Even after the failed attempt to open East Side King at Avanti, Qui’s team said they still planned to bring their concept to Denver.

“Throughout the process, chef Paul and the team have been forthcoming, collaborative and working in good faith towards a common goal,” Qui’s team said in a statement in March. “We still believe Denver is a wonderful community that is diverse (and) open minded and plan on bringing the concept to the city. The support we have received is greatly appreciated and (we) look forward to being here in the near future.”

When asked about Qui’s involvement in the Thai Kun at Tributary, food hall co-owner Josh Dinar sent this statement: “Paul Qui was arrested for an abhorrent act. We do not know him personally or professionally, and we are not doing business with him. We have been assured that he is not associated with Thai Kun in Golden, directly or indirectly.”

The chef was arrested in his home state in 2016 on suspicion of assaulting his then-girlfriend and preventing her and her young son from fleeing, but the charges were dropped in 2018 after the alleged victim declined to participate in trial.

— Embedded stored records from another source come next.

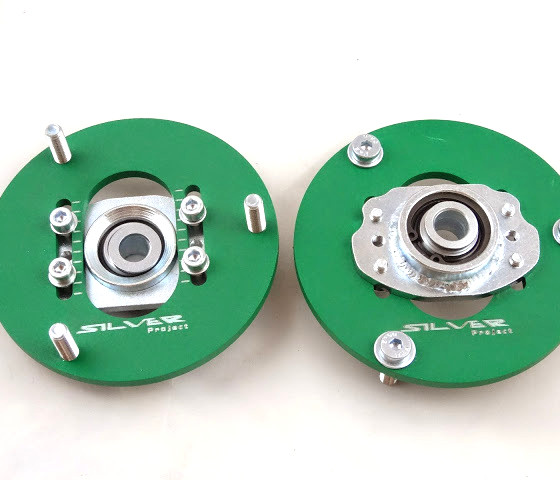 Přední horní uložení tlumičů (Pillowball Top Mounts) Silver Project BMW E81 / E82 / E87 / E88 - verze pro stavitelný podvozek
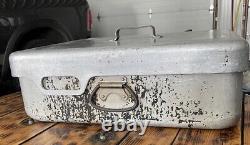 US Military Surplus Wear Ever Aluminum 10 Gal Field Oven Roaster withLid 21x17x7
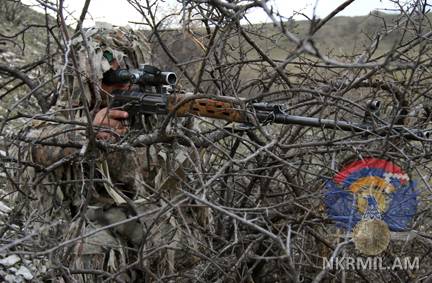 Азербайджан вновь обстрелял позиции НКР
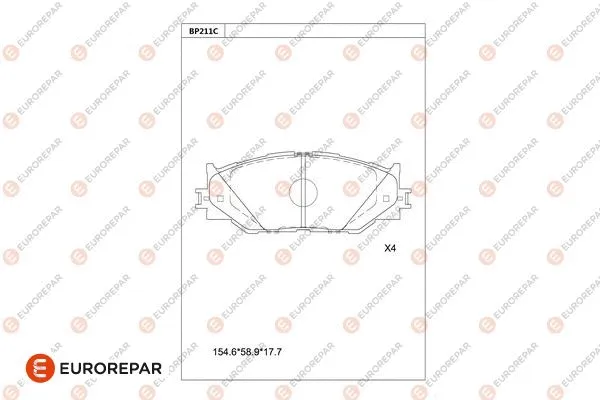 Brake Pad Set, disc brake (1681261980)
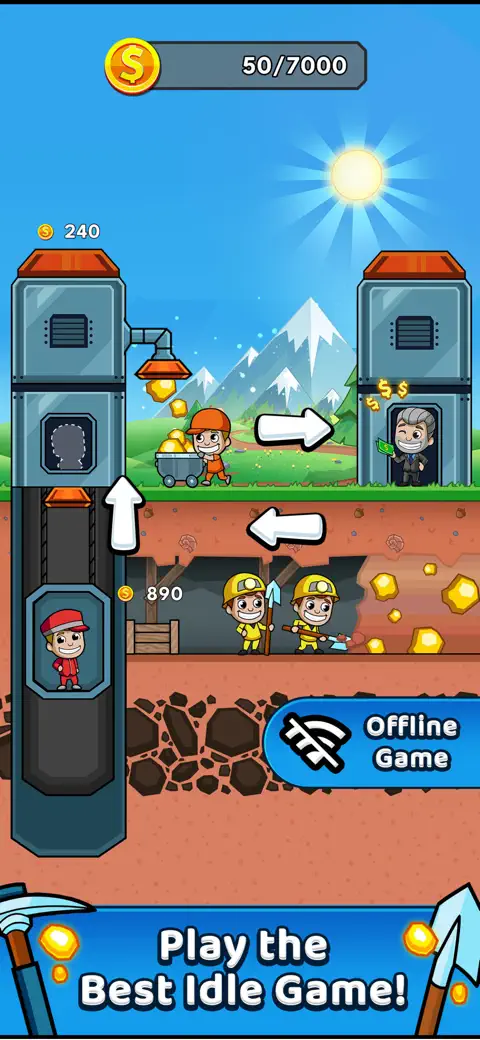 Idle Miner Tycoon: Gold digger screenshot 1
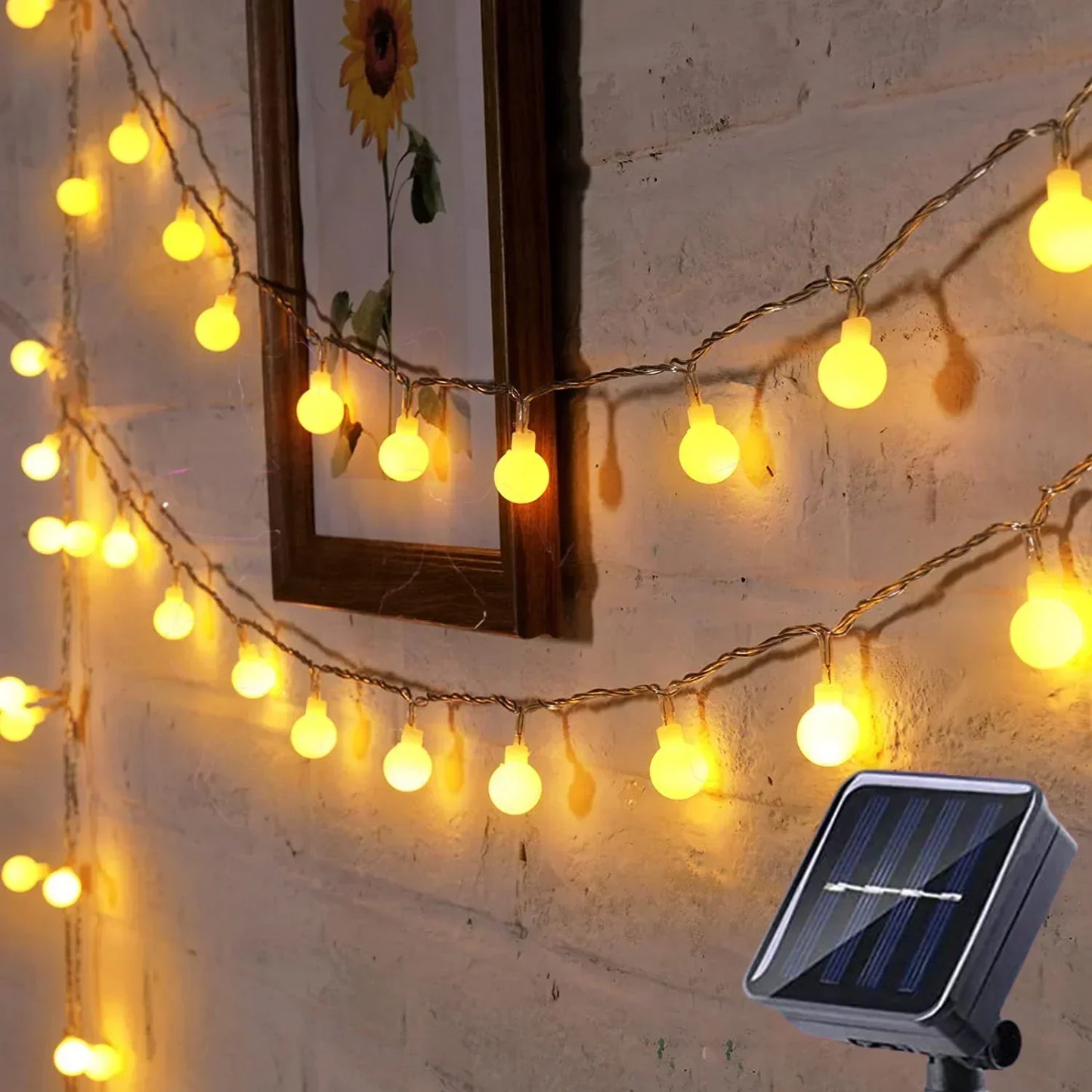 Solar -aangedreven feestverlichting
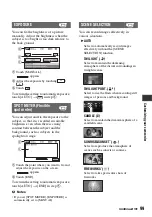 Preview for 99 page of Sony Handycam HDR-UX10E Operating Manual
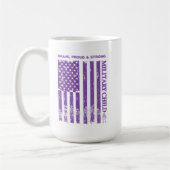 Lila hoch, stolz, stark und kräftig kaffeetasse (Links)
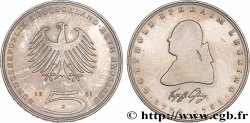 GERMANY 5 Mark aigle Gotthold Ephraim Lessing 1981 Hambourg - J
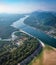 Aerial view of the Siri Lanta Bridge in koh Lanta, Krabi, Thailand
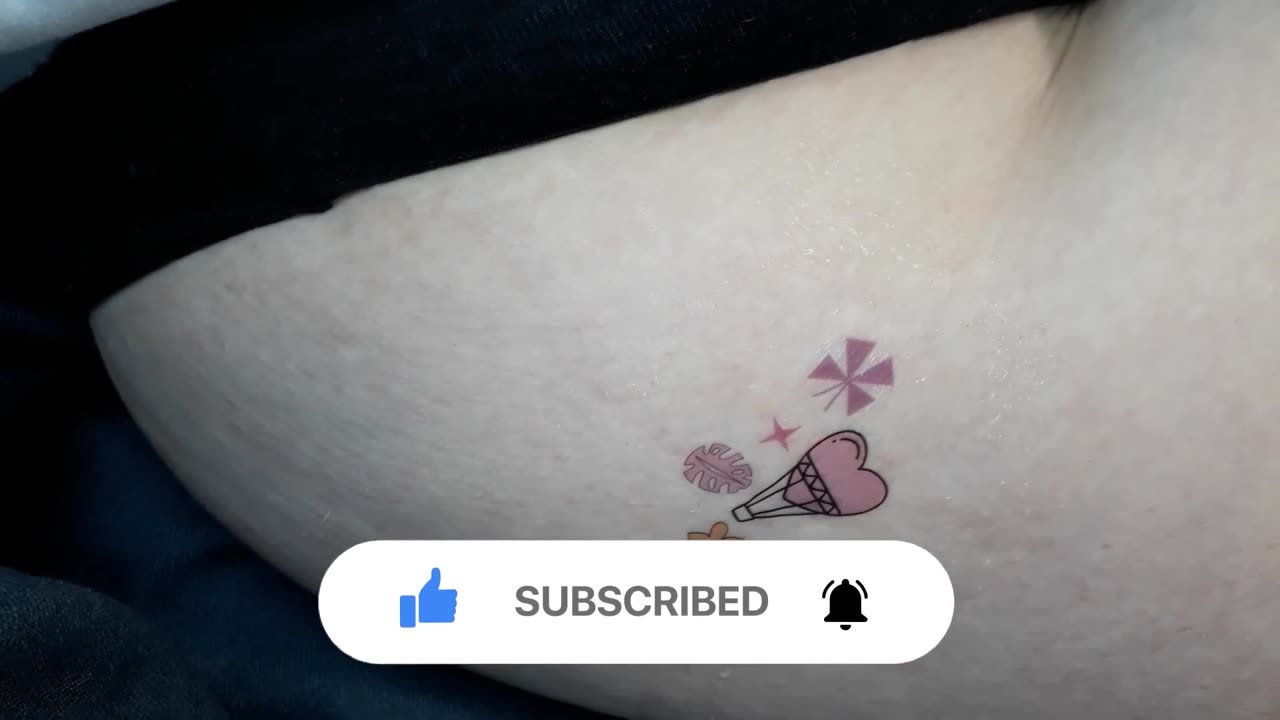 heart airship temporary tattoo sticker magic art design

Qui has since opened and closed a number of restaurants around Texas. When he opened Kuneho in Austin in 2017, one reviewer for the Austin Chronicle asked if the chef’s new concept could “offer redemption” for himself. The wording prompted a fury of responses to the notion that opening a good restaurant might redeem charges of assault.

In the post-#metoo climate, Qui has been criticized for not making much of an effort to right his past. After laying low for a while in Texas, he announced last month that he has another restaurant coming soon to Houston. But his Instagram post about it has since been deleted.

Amy McCarthy, editor of the food news websites Eater Dallas and Houston, told The Denver Post that when Qui’s Instagram post was deleted, the Houston food hall “refused to confirm” that he was involved in the new restaurant.

“The real issue when Paul Qui did what he did … he hurt his restaurants, he hurt his business partners, he hurt everybody that was involved in those projects,” McCarthy said. “To me if (business partners) are not willing to take a real stand against that, to distance themselves as far as they can… then they’re culpable. They’re not as culpable. But if you are still working with him, why? And if you’re not, then why are you protecting him?”